- Records to process:
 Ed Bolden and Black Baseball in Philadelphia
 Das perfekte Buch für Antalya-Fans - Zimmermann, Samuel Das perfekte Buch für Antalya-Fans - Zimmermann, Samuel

* * *

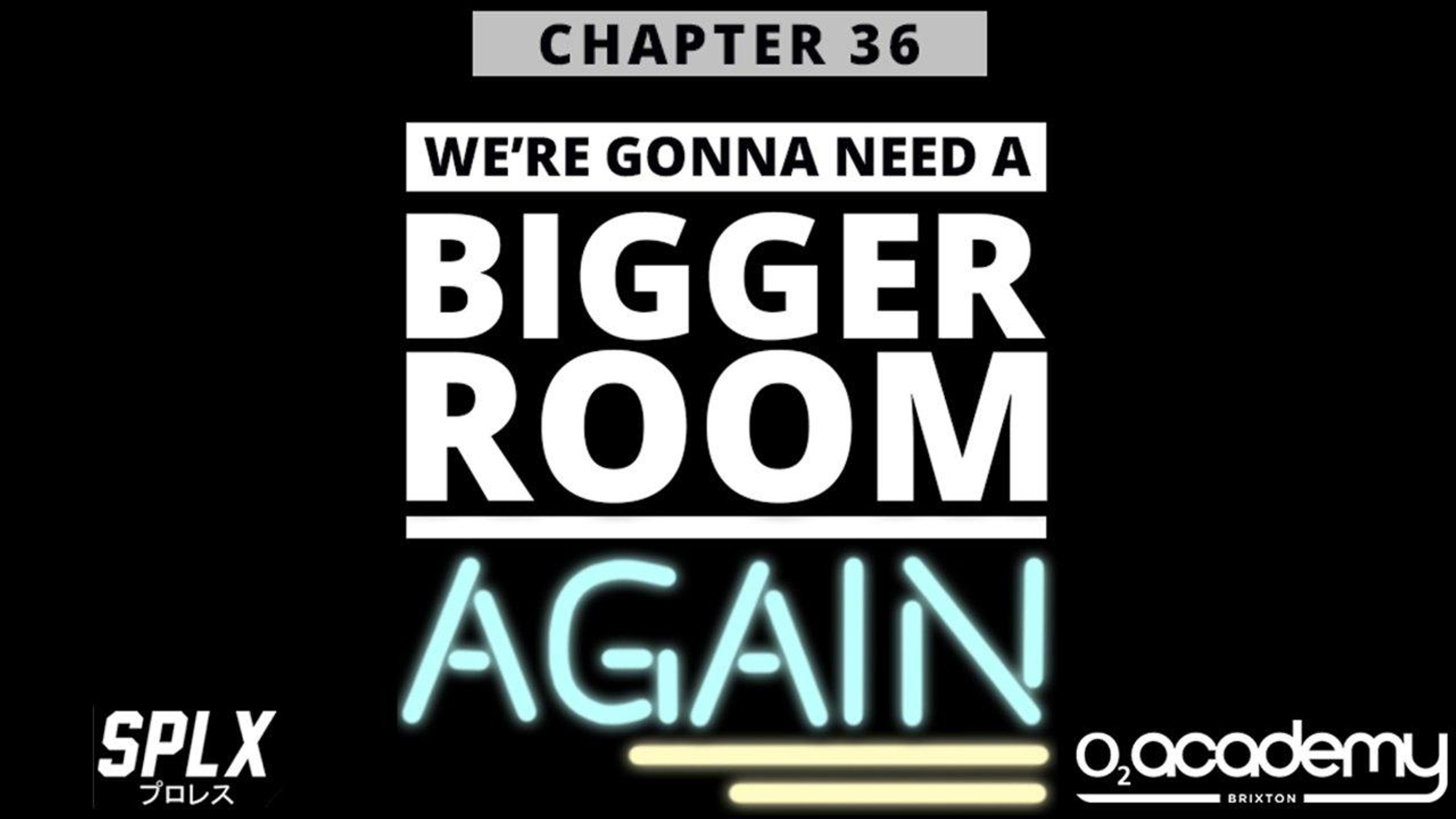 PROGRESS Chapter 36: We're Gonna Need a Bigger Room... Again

...

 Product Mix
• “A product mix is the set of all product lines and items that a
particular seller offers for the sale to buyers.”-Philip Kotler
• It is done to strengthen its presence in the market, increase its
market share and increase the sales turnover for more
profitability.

- What to do: Return the span of lines in the data above that opens at the line with "Ed Bolden and Black Baseball in Philadelphia" and closes at the line with "Das perfekte Buch für Antalya-Fans - Zimmermann, Samuel Das", exactly, ends included, nothing else.

- Task solution:
 Ed Bolden and Black Baseball in Philadelphia
 Das perfekte Buch für Antalya-Fans - Zimmermann, Samuel Das perfekte Buch für Antalya-Fans - Zimmermann, Samuel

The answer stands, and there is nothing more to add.